If you had to pick one word to describe the Obama administration's scandal-plagued, power-abusing and buck-passing week it would have to be "Nixonian."
The ghost of Tricky Dick seemed to be haunting every headline and press conference as the administration stumbled from Benghazi (not much to see here?) to the IRS (bureaucratic incompetence or enemies list?) to the secret subpoenas by the Justice Department of two months' worth of Associated Press phone records (what the what?).
The Justice Department, in what AP President Gary Pruitt called a "massive and unprecedented intrusion" on press freedom, reportedly seized the records of calls made on phone lines at the New York, Washington and Hartford bureaus, AP's phone in the House of Representatives, and the personal phones of at least two AP journalists.
This excessive dragnet reportedly was conducted to ensnare the leaker behind a May 2012 story uncovering a CIA operation in Yemen that involved an Al Qaeda plot to blow up a U.S.-bound airplane. AP reports that it held the story for a week in response to claims by the administration it could interfere with ongoing operations but before the Obama administration itself was about to announce the foiled attack.
As Glenn Greenwald explains in The Guardian:
"What makes the DOJ's actions so stunning here is its breadth. It's the opposite of a narrowly tailored and limited scope. It's a massive, sweeping, boundless invasion which enables the U.S. government to learn the identity of every person whom multiple AP journalists and editors have called for a two-month period."
Almost every major journalist group and press watchdog organization has denounced the DOJ's actions. A May 14 letter signed by more than 50 major news and press freedom organizations (including by my group, Free Press) said: "In the 30 years since the Department issued guidelines governing its subpoena practice as it relates to phone records from journalists, none of us can remember an instance where such an overreaching dragnet for newsgathering materials was deployed by the Department, particularly without notice to the affected reporters or an opportunity to seek judicial review."
The probe appears to be unprecedented in its scale and scope. But as Trevor Timm of the Freedom of the Press Foundation notes: "In five years, the Obama administration has prosecuted more leakers under the Espionage Act than all other administrations combined, and virtually all these prosecutions have engulfed journalists one way or another."
The initial reaction of the Obama administration was evasion from Attorney General Eric Holder and squirming by White House Spokesman Jay Carney -- who became flustered when the briefing-room lapdogs started to snarl.
Pro-Obama messengers were instructed to act concerned the reporters might have tipped off the terrorists and -- if that didn't work -- to shout "Valerie Plame" a lot. But that mostly served as a reminder of how much the most transparent administration ever™ was outdoing another famous Dick: Dick Cheney.
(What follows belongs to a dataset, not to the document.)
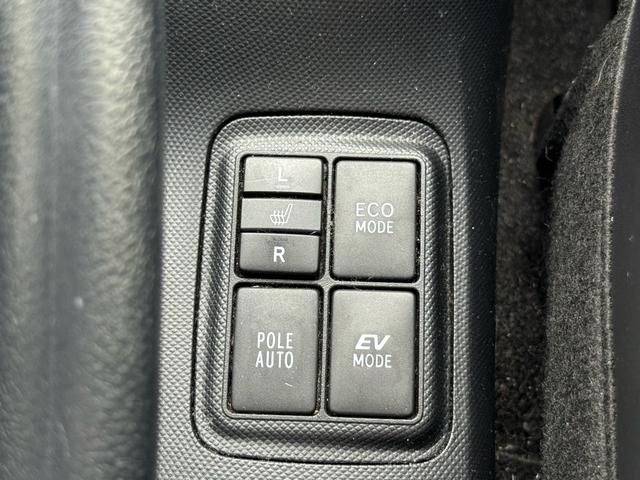 アクア Ｇブラックソフトレザーセレクション　禁煙車　専用シート　フルエアロ　純正ナビ　バックカメラ　Ｂｌｕｅｔｏｏｔｈ接続　前席シートヒーター　前後ドラレコ　ＥＴＣ　スマートキー×２個　１年保証付（7枚目）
By Wednesday, even as Holder admitted he couldn't recall how many times Justice had gone after the phone records of journalists, the Obama administration declared its renewed support for a federal shield law for journalists. The apparent message: Save us from ourselves!
A federal shield law is a worthy idea. But it might not have stopped the Justice Department in the AP case because their request for records didn't go to the journalists but to the phone companies. And those companies -- which happen to rely on the federal government for all kinds of special handouts and deregulatory favors -- have eagerly complied with requests to spy on their customers.
Other key questions around a shield law include:
How big will the loopholes be for matters of "national security"?
Will it protect all journalists or just those deemed to be credentialed or professional?
Will it do anything to curb the administration's extreme pursuit of leakers and whistleblowers?
And can it pass when so many journalists are afraid to engage in political activity?
I ask the last question because it's not just the Obama administration that needs to make a serious change. Press freedom will continue to erode unless we can build broad support across and beyond the Fourth Estate. This citizen's sign-on letter might be a start.
But to actually succeed in undoing the damage done by this administration and its predecessors, we'll need leading news and journalism organizations to reach out to and engage other allies they sometimes shun -- the media reformers, the civil libertarians, the bloggers, the unions, and especially their own readers and viewers -- to challenge the executive branch and secure true press freedom in the digital age.
That will take more than sternly worded letters; it might take actual protests and direct action.
It will certainly require broad public education efforts on press freedom, mobilizing millions of average citizens, and support not just for prominent reporters at places like the AP or the New York Times but truth-seekers of all types.
If we can seize this dark moment as the start of such a movement to restore press freedom, we might someday be able to look back at this like we do the Pentagon Papers or Watergate, as a shining moment for the journalism profession and the First Amendment.
And then maybe journalists can be even stronger voice when the rights of people without big audiences and powerful platforms are violated here and around the world.
That's something that would set Nixon spinning in his grave.